* The problem *
Starting at the line below that contains "Guest kitchen and grilling area" and ending at the line that contains "Tudanca y Ciudadanos", retype each line exactly as it stands, but omit the pictures.

══ Input

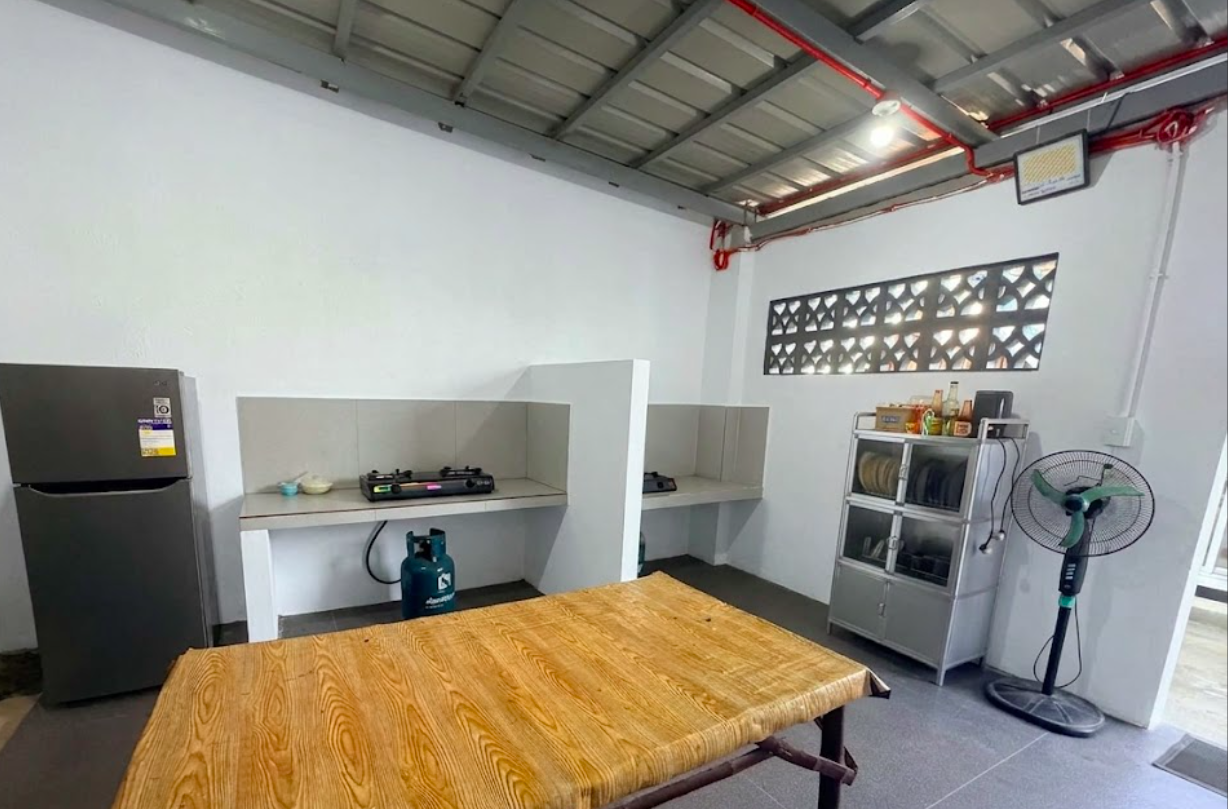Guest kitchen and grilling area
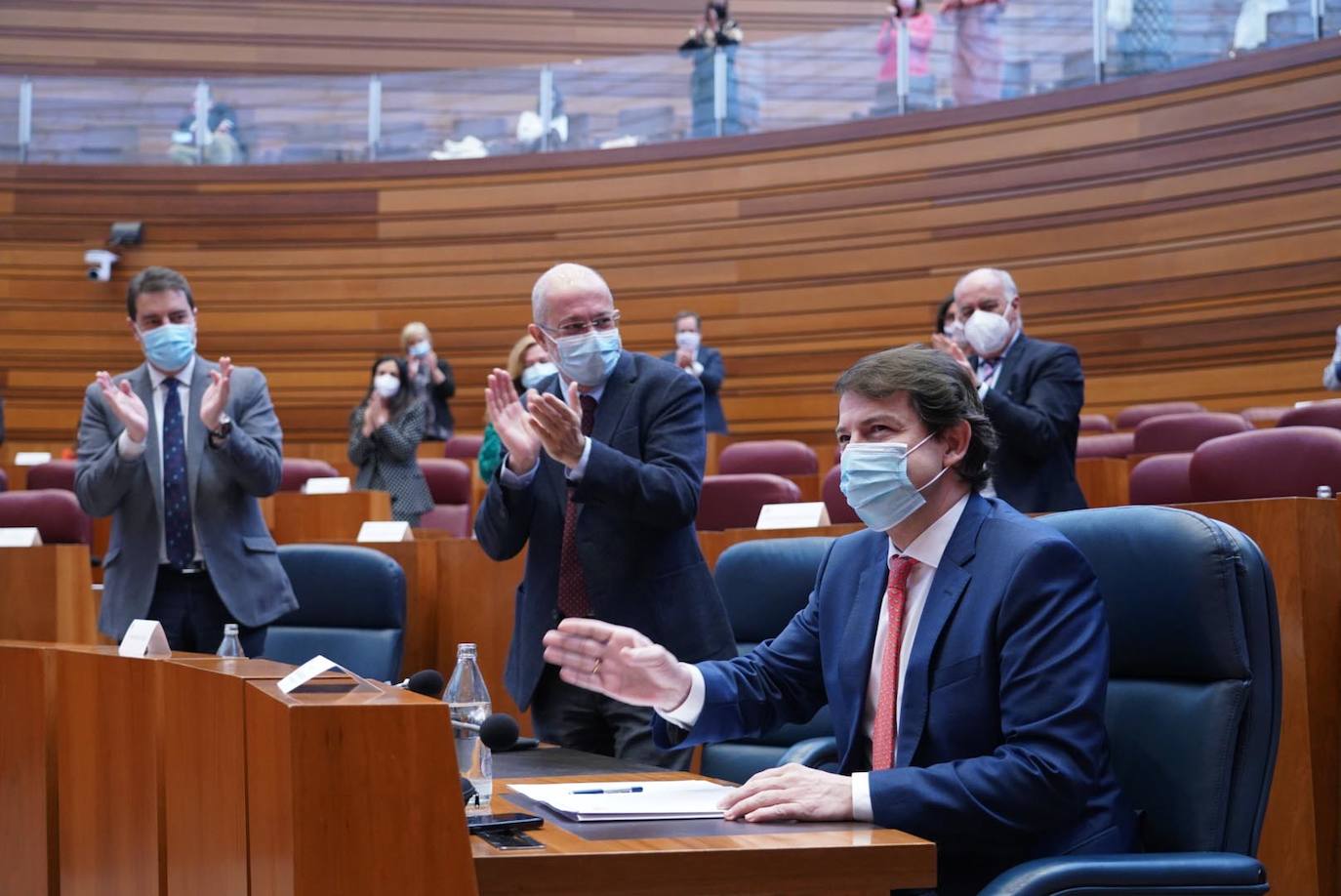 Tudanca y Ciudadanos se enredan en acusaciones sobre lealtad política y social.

════
══ Input

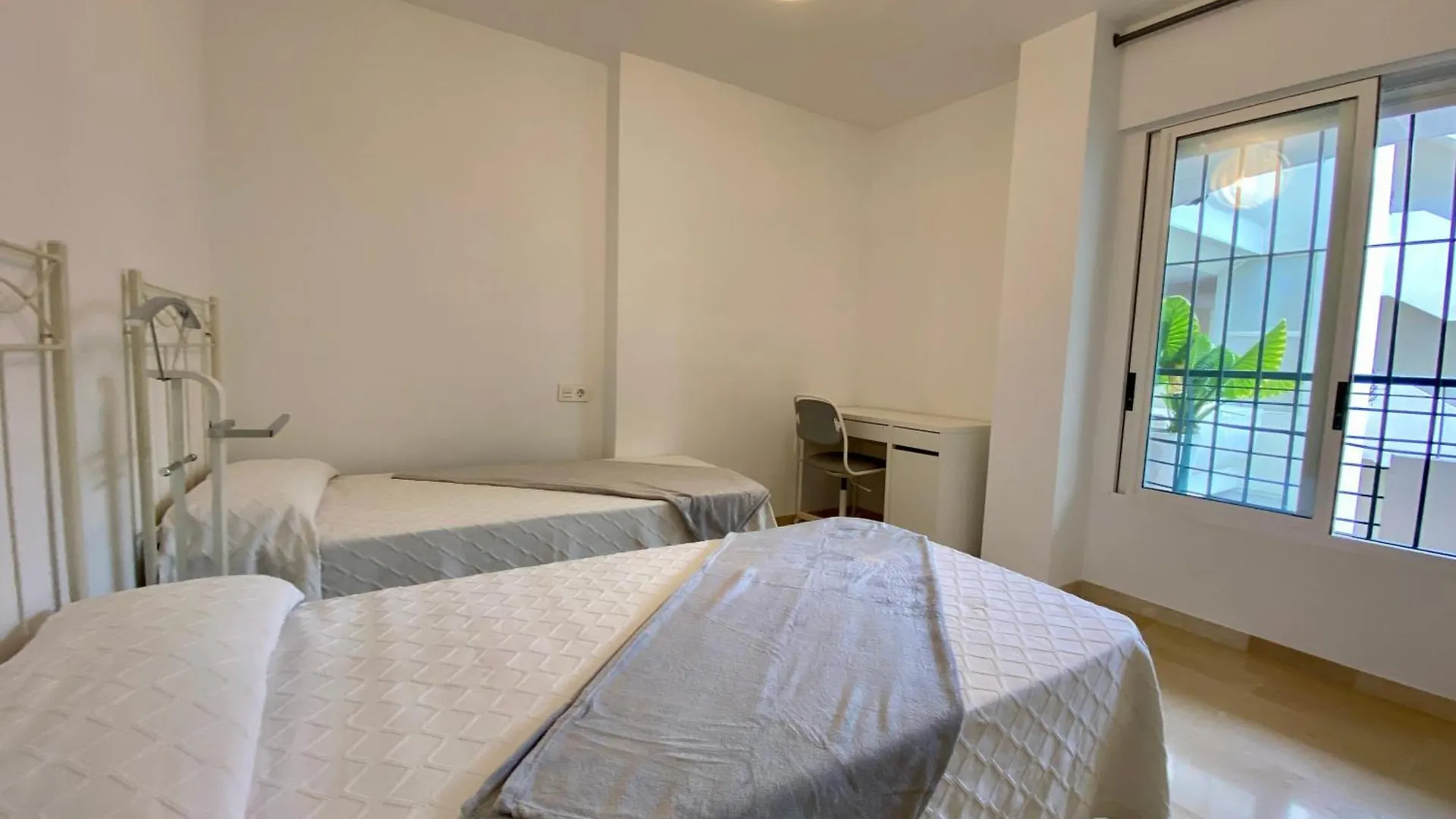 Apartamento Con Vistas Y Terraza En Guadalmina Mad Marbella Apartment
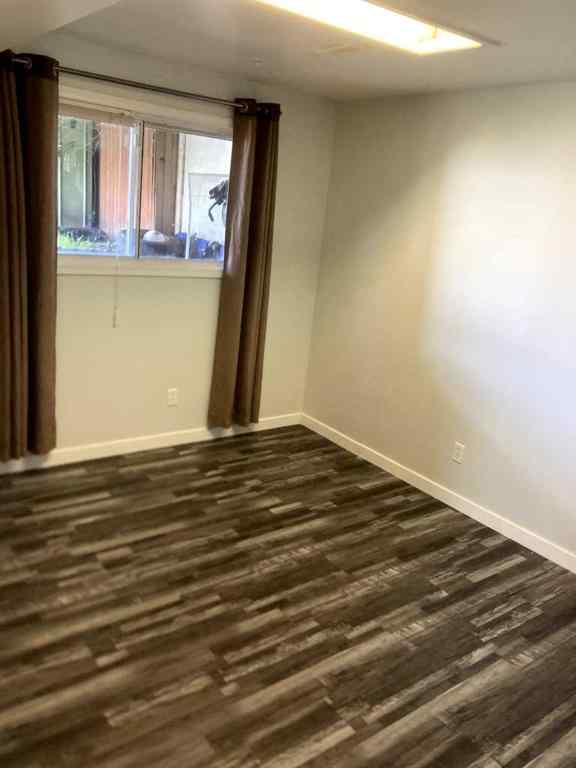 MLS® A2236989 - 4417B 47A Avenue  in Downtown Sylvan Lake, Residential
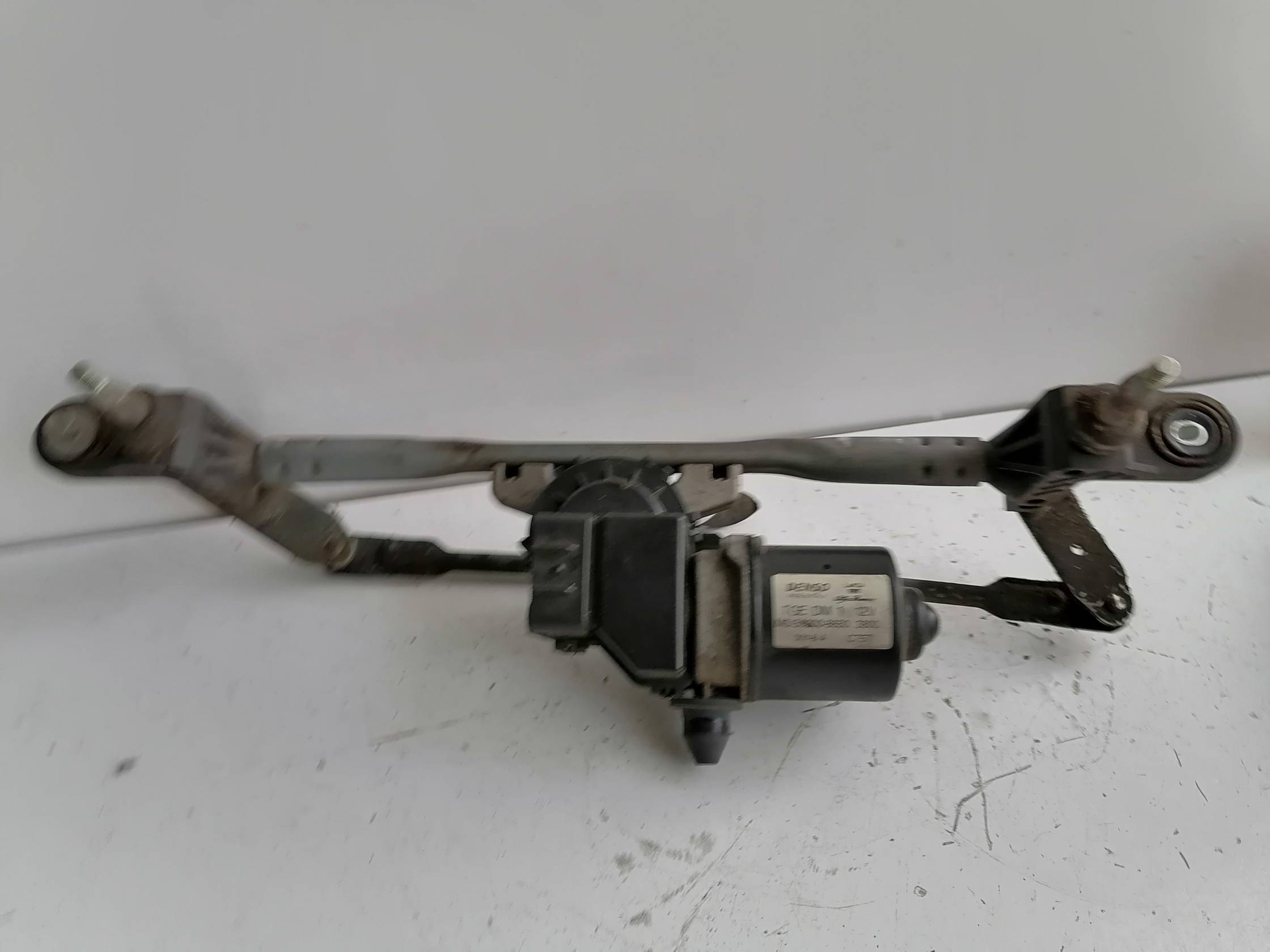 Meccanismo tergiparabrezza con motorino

════
══ Input

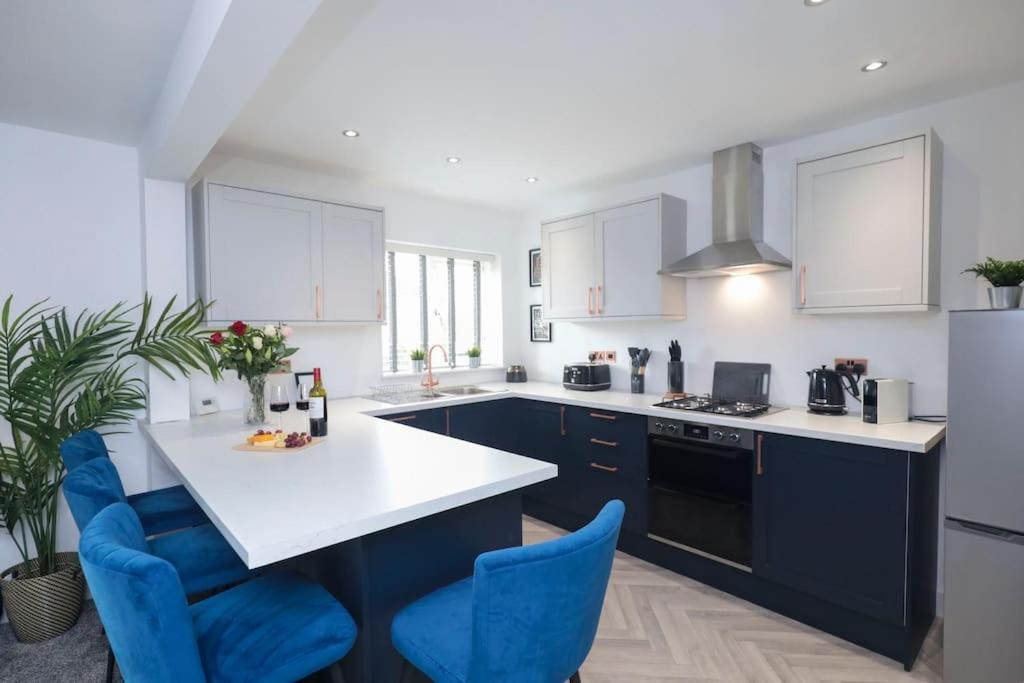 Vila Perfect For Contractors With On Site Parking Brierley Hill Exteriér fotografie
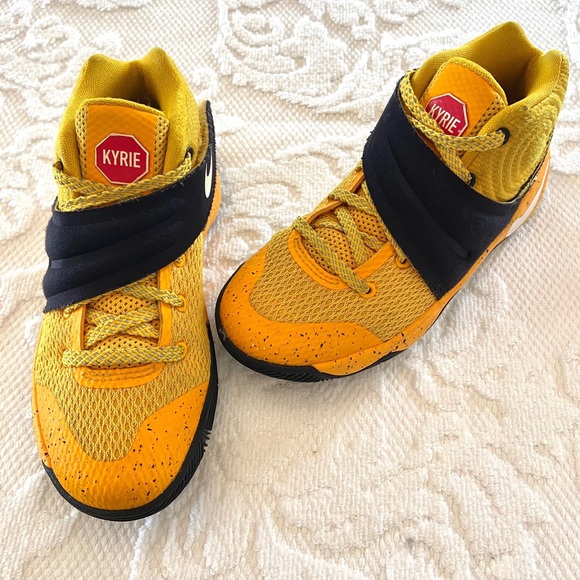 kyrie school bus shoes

════

* Answer to the problem *
Guest kitchen and grilling area
 Tudanca y Ciudadanos se enredan en acusaciones sobre lealtad política y social.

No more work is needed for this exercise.